More particularly, the injection operation comprises the steps of:

- interruption of the execution of the target process by the controller process;
- writing by the controller process into one part, termed reattributed area, of the memory space for execution of the target process, of injected instructions producing the analysis or modification mechanism;
- execution, by the target process, of these injected instructions;
- restoration by the controller process, by writing into the reattributed area, of the target process instructions which were stored there before the interruption;
- subsequent execution of the target process instructions.

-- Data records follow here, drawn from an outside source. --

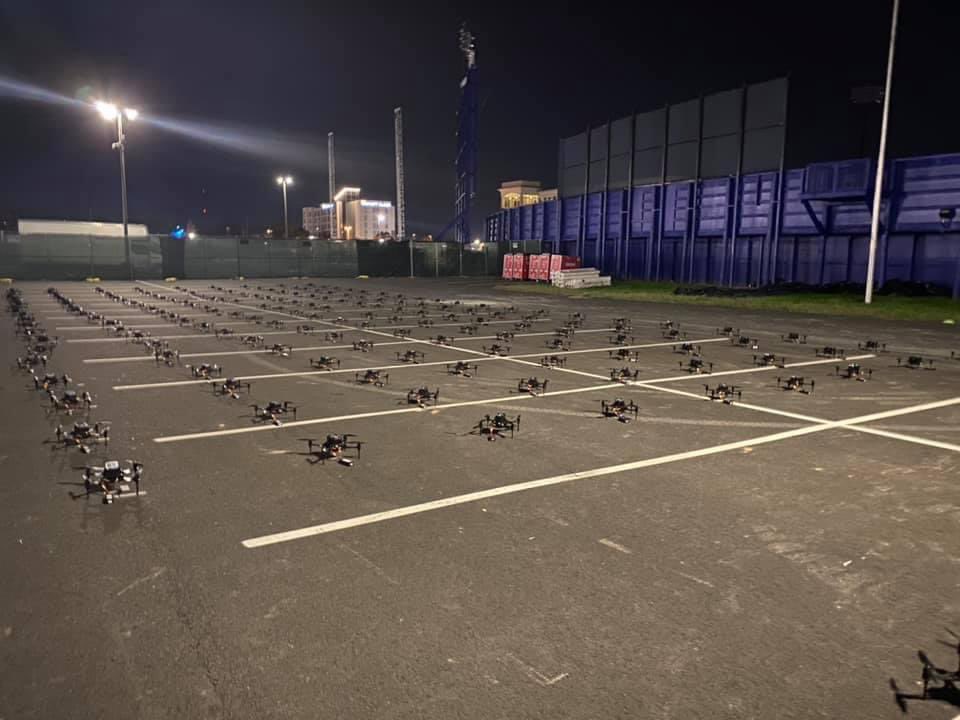 BrandonBolinski's tweet photo. @holveck_brandon @MereNewman 200+ programmable drones! https://t.co/BTrItxu1Cc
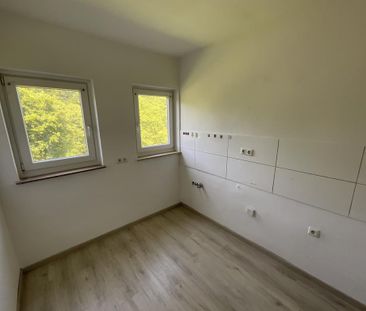 Schicke 3 Zimmer-Wohnung mit Balkon und neuem Badezimmer in Lüdensc... - Foto 1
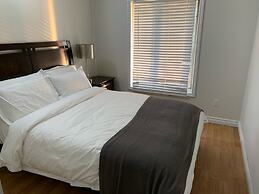 Myriad Fins Cottage and Marina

Advantageously, this functioning management method also comprises a combination of the following characteristics:
The target process interruption stage may be followed by at least one step of reading and backing up the instructions stored in the reattributed area and/or the state of the context for the execution of the target process at the time of its interruption.
The step of writing the injected instructions may be preceded by a step of writing, into the reattributed area, data producing a addressing correspondence between this reattributed area and another given memory space, termed mapping area.
The step of executing the injected instructions can be preceded by a step of writing, into the reattributed area, data constituting arguments of the injected instructions.
The step of executing the injected instructions may also be preceded by a step of editing of the execution context according to parameters corresponding to the injected instructions.
The step of executing the injected instructions may be followed by a step of reading of data stored in the reattributed area and/or reading of the state of the context of execution of the target process.
The step of writing the injected instructions may comprise the writing of at least one instruction for execution interrupting, in the reattributed area, after the injected instructions.
Another aim of the invention is to facilitate the implementation in the functioning of an application, in a manner as transparent as possible for this application, of functionalities enabling the analysis, capture or modification of the environment of this application or of the resources which it uses.
For this, the invention proposes a method for managing the functioning of a software application such as that above, carrying out an introspection operation of at least two introspected processes, each one of these introspected processes using a first resource, itself including a pointer designating a second resource, itself including an attribute which is accessible to said process through said pointer, the method comprising the following steps:

- injection by the controller process into each of the two introspected processes of at least one system instruction producing an initial reading of the value of the attribute of the second resource corresponding to each of said introspected processes;
- injection by the controller process into one of the two introspected processes, termed test process, of at least one system instruction producing a modification of the value of the attribute of the second resource corresponding to said test process;
- injection by the controller process into the other introspected process, termed reference or control process, of at least one system instruction producing a second reading of the value of the attribute of the second resource corresponding to said control process;
- comparison by the controller process of the value of the second reading with the value of the initial reading by said control process;
- storage by the controller process of a datum representing the result of said comparison and injection by the controller process into the test process, of at least one system instruction producing a modification of the value of the attribute of the second resource corresponding to said test process, in order to give back to it its initial reading value.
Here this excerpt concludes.